Nevada

Date: 
August 1, 2012

Summary of statute(s): An individual who has the consent of at least one party to an in-person conversation can lawfully record it or disclose its contents, but the consent of all parties is required to record a telephone conversation. An exception may exist, however, for a telephone recording made with the prior consent of only one of the parties to the communication in an emergency situation in which it is impractical to obtain a court order. Nev. Rev.

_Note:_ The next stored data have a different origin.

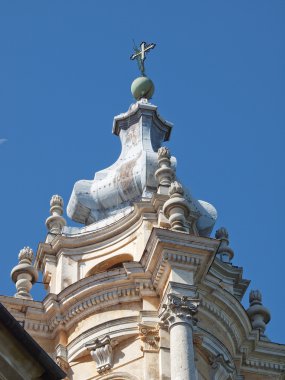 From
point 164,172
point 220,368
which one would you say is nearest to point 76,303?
point 220,368

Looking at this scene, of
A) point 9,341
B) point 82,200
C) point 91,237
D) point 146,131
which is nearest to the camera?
point 9,341

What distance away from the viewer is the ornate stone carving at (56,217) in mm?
30750

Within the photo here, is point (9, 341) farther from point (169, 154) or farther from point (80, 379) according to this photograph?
point (169, 154)

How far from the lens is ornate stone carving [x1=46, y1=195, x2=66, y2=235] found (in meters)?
30.8

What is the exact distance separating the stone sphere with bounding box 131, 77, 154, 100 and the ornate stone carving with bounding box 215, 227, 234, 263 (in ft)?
19.2

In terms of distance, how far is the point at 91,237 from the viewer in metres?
29.8

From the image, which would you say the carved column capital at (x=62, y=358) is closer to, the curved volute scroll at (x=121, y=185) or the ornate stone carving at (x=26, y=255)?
the ornate stone carving at (x=26, y=255)

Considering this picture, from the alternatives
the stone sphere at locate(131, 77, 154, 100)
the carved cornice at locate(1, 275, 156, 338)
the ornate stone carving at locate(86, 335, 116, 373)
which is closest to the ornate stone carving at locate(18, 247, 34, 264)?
the carved cornice at locate(1, 275, 156, 338)

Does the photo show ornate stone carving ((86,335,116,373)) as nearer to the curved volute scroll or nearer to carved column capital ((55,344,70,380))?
carved column capital ((55,344,70,380))

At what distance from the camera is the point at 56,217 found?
31000 mm

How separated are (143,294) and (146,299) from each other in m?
0.12

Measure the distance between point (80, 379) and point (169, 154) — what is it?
6.55 meters

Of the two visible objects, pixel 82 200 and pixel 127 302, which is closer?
pixel 127 302

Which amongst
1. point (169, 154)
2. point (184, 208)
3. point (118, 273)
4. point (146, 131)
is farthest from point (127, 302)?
point (146, 131) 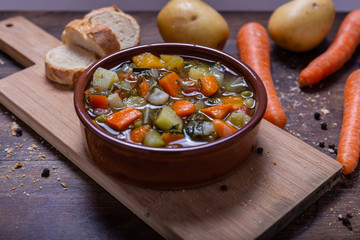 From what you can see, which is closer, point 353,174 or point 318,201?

Stat. §§ 200.620, 200.650 (2011).

In-person conversations: It is unlawful to surreptitiously record “any private conversation engaged in by ... other persons” unless authorized to do so by one of the parties to the conversation. Because the statute explicitly applies only to surreptitiously recordings, a journalist does not need consent to record conversations in public where there is no reasonable expectation of privacy. Nev. Rev. Stat. § 200.650.

Electronic communications: The consent of all parties to a telephone communication is required to record it. But because the prohibition is limited to “wire communications,” a journalist does not need consent to record conversations between two people using cell phones or other wireless devices, or to disclose the contents of text messages sent between wireless devices. Nev. Rev. Stat. § 200.620.

The Nevada Supreme Court held that the consent requirement is not met when an individual records his or her own telephone calls without the consent of all other participants, noting that “if the legislature had wanted to [authorize the recording of telephone conversations made with the consent of only one of the parties], it would have done so. It seems apparent that the legislature believed that intrusion upon Nevadans’ privacy by nonconsensual recording of telephone conversations was a greater intrusion than the recording of conversations in person.” Lane v. Allstate Ins. Co., 969 P.2d 938 (Nev. 1998). That same court stated that the one-party-consent recording authorized in emergency situations applies mainly to law enforcement officers who proceed without a warrant. Id. at 939—40. Thus, it is unlikely to serve as a defense for journalists who record phone conversations without the required all-party consent.

Hidden cameras: It is a misdemeanor to photograph or record “the private area” of a person in a place where the person has a reasonable expectation of privacy, to use a hidden camera, regardless of whether a person is in a public or private place, to “up-skirt” or “down-blouse,” or secretly photograph or record that person under or through his or her clothing, and to disclose any images obtained by these means. Nev. Rev. Stat. § 200.604. The law, however, does not criminalize the use of recording devices for other purposes in areas to which the public has access or there is no reasonable expectation of privacy (i.e., filming conversations on public streets or a hotel lobby).

Criminal penalties: Illegally recording an in-person conversation or electronic communication is a felony offense. Nev. Rev. Stat. § 200.690.

Civil suits: Anyone whose wire or oral communication has been recorded in violation of the law can bring a civil suit to recover the greater of actual damages, $100 a day for each day of violation or $1,000, and can recover punitive damages, attorney’s fees and court costs as well. Note that unlike most other states’ wiretap statutes, only the unlawful recording and not the unlawful disclosure may give rise to a civil cause of action. Id.

Disclosing recordings: Disclosing the contents of a wire communication without either the sender or receiver’s authority to do so, or an oral communication without the consent of at least one party to the conversation is a felony. Nev. Rev. Stat. §§ 200.630, 200.650, 200.690.